We discussed the teacher workbook, available online, titled A Pathway to Equitable Math Instruction: Dismantling Racism in Mathematics Instruction. You might be wondering what the difference is between racist math and anti-racist math?
Here are some of the signs of white supremacy in math education, according to the book, along with my comments in parentheses:
– The emphasis is more on getting the “right” answer than on understanding the concepts and reasoning. [But understanding concepts and reasoning will get you the right answer!]
–Independent practice is valued over teamwork or collaboration. [Good students of whatever race always hate group work because they end up doing all the work while the rest of the group gets the credit for it.]
–Maths are taught in a linear fashion and skills are taught sequentially with no real understanding of prior knowledge. [But the need for “prerequisite knowledge” implies the need to teach “sequentially”!]
–Students are required to “show their work” in a standardized and prescribed manner. [Math is one of the few disciplines that can arrive at a universally accepted “right answer,” but it’s also important for students to learn the process to get there. “Showing your work” is how teachers assess the student’s understanding of how to solve problems.
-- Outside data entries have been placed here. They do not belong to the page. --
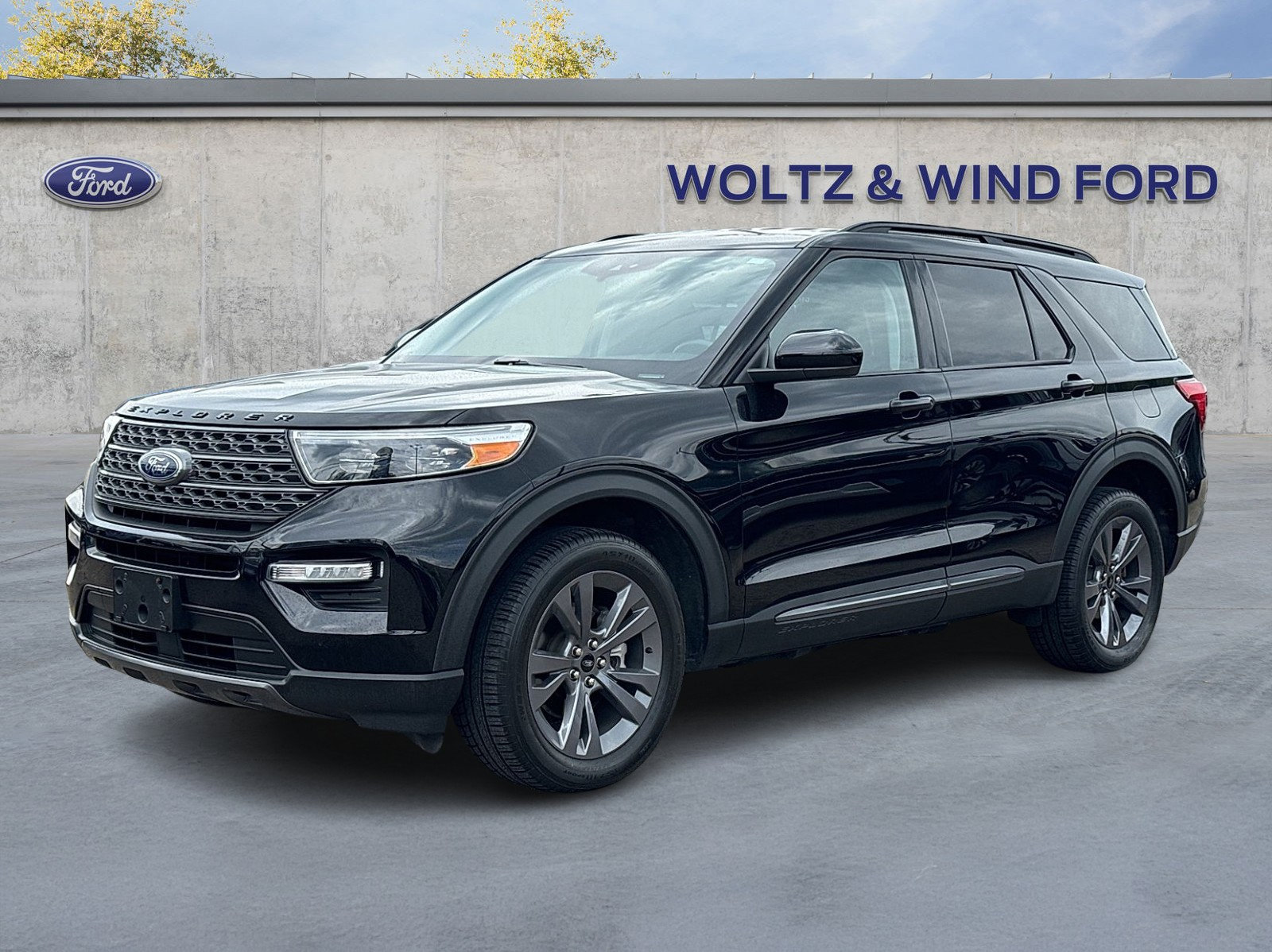 Certified 2023 Ford Explorer XLT w/ Equipment Group 202A AWD/4WD image 3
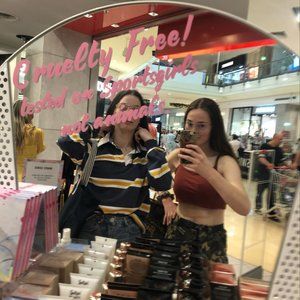 Meet your Posher, Holly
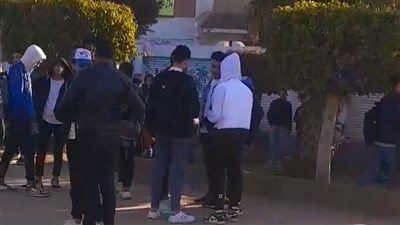 انتظار أولياء أمور طلاب الشهادة الإعدادية أمام المدارس بالغربية (فيديو)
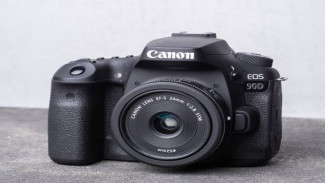 5 Kamera DSLR Canon Terbaik 2025: Jernih, Canggih, dan Cocok untuk Semua Level!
Otherwise, a right answer is just guessing. And if you don’t have to show your work or arrive at the right answer, what is left?]
And here are some of the things teachers need to do to teach math in an anti-racist way, according to the book:
–Identify and challenge the ways in which mathematics is used to defend capitalist, imperialist and racist views. [So mathematics cannot give evidence for capitalism and other “views”; rather, the “views” invalidate the mathematics. Note the intrusion of the old Marxist enemies of “capitalism” and “imperialism.” I thought we were talking about racism.]
–Exhibit students to examples of people who have used math as a resistance. Provide learning opportunities that use math as resistance. [Math as resistance? The book doesn’t bother to explain what that means.]
–Recognize errors as poorly communicated knowledge. [Mistakes are “miscommunications,” so they are the teacher’s fault? But mistakes are also a kind of knowledge, so they can’t be all that bad.]
–Exhibit students to mathematicians of color, especially women of color and queer mathematicians of color, both through historical examples and by inviting community speakers. [Notice how “critical race theory” bleeds over to other “critical theories” regarding feminism and homosexuality. As well as the good old Marxist targets of “capitalism” and “imperialism,” above.]
–Give credit for the discovery of mathematical concepts by mathematicians of color. Collect concepts attributed to white mathematicians that should be attributed to colored mathematicians. [OK, we’re back to the mostly discredited scholarship of Afrocentrism, which credits all that is good to Africa. It is true that the Egyptians, for example, were really good mathematicians. But the reasons the pyramids have stood for so many thousand years is that in their calculations, they got the right answers!]
Do you think black kids or white kids in the same classes will learn math this way?
Isn’t it racist to think that black students can’t get the right answers, show their work, be responsible for their mistakes, or be successful on their own?
Wouldn’t this patronizing and condescending approach to math education stop black Americans from succeeding in STEM? [science, technology, engineering, and mathematics] professions?
It is true that many black Americans have succeeded in these professions and that many blacks throughout history have been excellent mathematicians. But was any of them taught this way?